François Legault prêt à payer pour sortir le Québec des hydrocarbures

François Legault se dit prêt à délier les cordons de la bourse pour concrétiser sa promesse d’interdire l’exploitation des hydrocarbures en territoire québécois. Mais le premier ministre ne sait pas combien cela coûtera.
M. Legault donnait mercredi matin une première mêlée de presse depuis son discours d’ouverture de session, prononcé la veille. Interrogé sur ses intentions de sortir le Québec de l’extraction du gaz et du pétrole, il a convenu que l’opération viendrait avec des conséquences.
« On est prêts à mettre les ressources financières et judiciaires », a-t-il affirmé en direct de l’Assemblée nationale.
L’élu de la Coalition avenir Québec ne s’avance pas sur les sommes qu’il compte débourser pour amorcer cette transition. « Il y a ce qui a été payé, c’est quoi la valeur du marché. C’est complexe », a convenu M. Legault mercredi.

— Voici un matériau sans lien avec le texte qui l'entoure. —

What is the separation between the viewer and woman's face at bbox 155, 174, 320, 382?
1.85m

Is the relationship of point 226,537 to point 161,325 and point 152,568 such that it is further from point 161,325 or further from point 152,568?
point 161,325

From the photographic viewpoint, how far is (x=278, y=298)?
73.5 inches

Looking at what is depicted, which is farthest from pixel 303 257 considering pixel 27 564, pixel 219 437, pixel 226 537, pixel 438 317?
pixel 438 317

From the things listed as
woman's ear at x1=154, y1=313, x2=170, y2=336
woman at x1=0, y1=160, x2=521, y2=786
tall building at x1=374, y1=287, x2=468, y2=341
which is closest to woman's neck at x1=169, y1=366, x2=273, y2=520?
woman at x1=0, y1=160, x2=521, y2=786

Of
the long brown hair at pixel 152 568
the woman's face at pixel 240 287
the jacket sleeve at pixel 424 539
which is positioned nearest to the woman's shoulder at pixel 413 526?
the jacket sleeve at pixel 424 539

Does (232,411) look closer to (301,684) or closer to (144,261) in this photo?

Plusieurs industriels joints par Le Devoir dans les dernières semaines évaluent ces montants à plusieurs centaines de millions de dollars, voire des milliards. « On parle de beaucoup d’argent », a résumé le président de l’Association de l’énergie du Québec, Éric Tétrault, en entrevue.

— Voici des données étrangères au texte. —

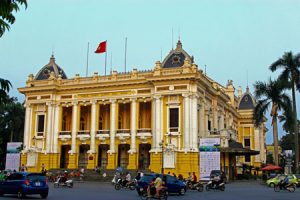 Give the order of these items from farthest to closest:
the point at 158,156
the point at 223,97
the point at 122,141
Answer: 1. the point at 223,97
2. the point at 122,141
3. the point at 158,156

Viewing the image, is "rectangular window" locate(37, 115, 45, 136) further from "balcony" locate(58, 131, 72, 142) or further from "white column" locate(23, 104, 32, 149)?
"balcony" locate(58, 131, 72, 142)

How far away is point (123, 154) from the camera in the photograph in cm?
5066

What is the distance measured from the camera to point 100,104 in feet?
167

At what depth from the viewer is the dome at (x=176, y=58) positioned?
47594 millimetres

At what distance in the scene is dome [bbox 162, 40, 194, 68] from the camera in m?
47.6

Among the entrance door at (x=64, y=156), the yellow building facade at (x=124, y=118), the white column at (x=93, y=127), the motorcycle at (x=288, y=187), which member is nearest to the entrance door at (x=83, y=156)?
the yellow building facade at (x=124, y=118)

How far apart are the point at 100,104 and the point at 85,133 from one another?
408 centimetres

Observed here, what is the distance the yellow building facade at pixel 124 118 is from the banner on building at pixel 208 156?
1.98 m

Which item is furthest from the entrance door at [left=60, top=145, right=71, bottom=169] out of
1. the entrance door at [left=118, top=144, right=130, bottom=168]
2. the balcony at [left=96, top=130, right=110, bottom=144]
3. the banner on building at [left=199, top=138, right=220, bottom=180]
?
the banner on building at [left=199, top=138, right=220, bottom=180]

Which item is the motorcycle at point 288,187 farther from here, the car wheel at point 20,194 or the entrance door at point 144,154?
the entrance door at point 144,154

Mercredi, Ressources Utica, une entreprise qui a les yeux sur des puits de pétrole au Québec, a vivement dénoncé la nouvelle approche du gouvernement Legault. « Nous nous attendons maintenant à ce que le gouvernement du Québec agisse de manière équitable et qu’il compense rapidement, et à la juste valeur marchande », a écrit l’entreprise dans un communiqué acheminé au Devoir.
Modifier la loi
Accosté à l’entrée de la salle où se tenait la séance du Conseil des ministres, mercredi, le ministre de l’Énergie et des Ressources naturelles, Jonatan Julien, a confirmé que Québec procéderait par projet de loi pour en arriver à ses fins. « Il y a des gens qui disent que ça va être énorme, les compensations. D’autres disent qu’on n’aura pas besoin [d’en verser] », a-t-il soulevé.

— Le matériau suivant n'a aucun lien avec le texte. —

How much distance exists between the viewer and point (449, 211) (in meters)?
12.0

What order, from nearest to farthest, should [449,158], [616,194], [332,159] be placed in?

« On regarde ça », s’est-il contenté de dire.
Selon une analyse du Centre québécois du droit de l’environnement (CQDE) produite plus tôt cette année, le gouvernement pourrait légiférer de manière à éviter de donner un seul sou aux entreprises pétrolières et gazières. Il suffit « d’exprimer clairement son intention » dans un projet de loi, conclut-elle.
La directrice générale du CQDE, Geneviève Paul, s’étonne que François Legault laisse la porte ouverte au versement de compensations.
« Pour moi, c’est difficilement explicable d’un point de vue juridique, économique et social. On est rendus sur le terrain politique, le terrain de ce qu’on décide de prioriser dans l’allocation de nos ressources publiques », a-t-elle analysé mercredi.
La Loi sur les hydrocarbures, adoptée en 2016 puis modifiée en 2018 par le gouvernement de Philippe Couillard, interdit pour le moment l’extraction d’hydrocarbures à proximité des villes et des cours d’eau. Elle a notamment eu pour effet de mettre un frein à l’exploitation du gaz de schiste au Québec.
Mais les entreprises pétrolières et gazières sont toujours bien implantées en territoire québécois. Selon le ministère de l’Énergie et des Ressources naturelles, le nombre de permis d’exploration pétrolière et gazière toujours en vigueur dépasse les 180.
Ressources Utica poursuit d’ailleurs le gouvernement en cour pour mettre la main sur un permis d’exploitation dans l’est de la Gaspésie. Le mois dernier, le ministre Julien avait indiqué qu’il attendrait la fin du processus judiciaire avant de statuer sur l’interdiction des hydrocarbures. Le premier ministre l’a finalement devancé mardi, dans son discours inaugural.
Au plus vite
En entrevue avec Le Devoir, la directrice générale de Nature Québec, Alice-Anne Simard, insiste pour que Québec agisse au plus vite. « C’est très possible d’adopter une loi d’ici les prochaines élections », a-t-elle soutenu.
Elle plaide pour que le premier ministre « ne cède pas au chantage des compagnies pétrolières » en répondant à leurs exigences financières.
« On pourrait dire qu’on fait quand même le choix d’indemniser, mais il faudrait absolument mettre de côté toute notion de perte de profits potentiels », a-t-elle dit.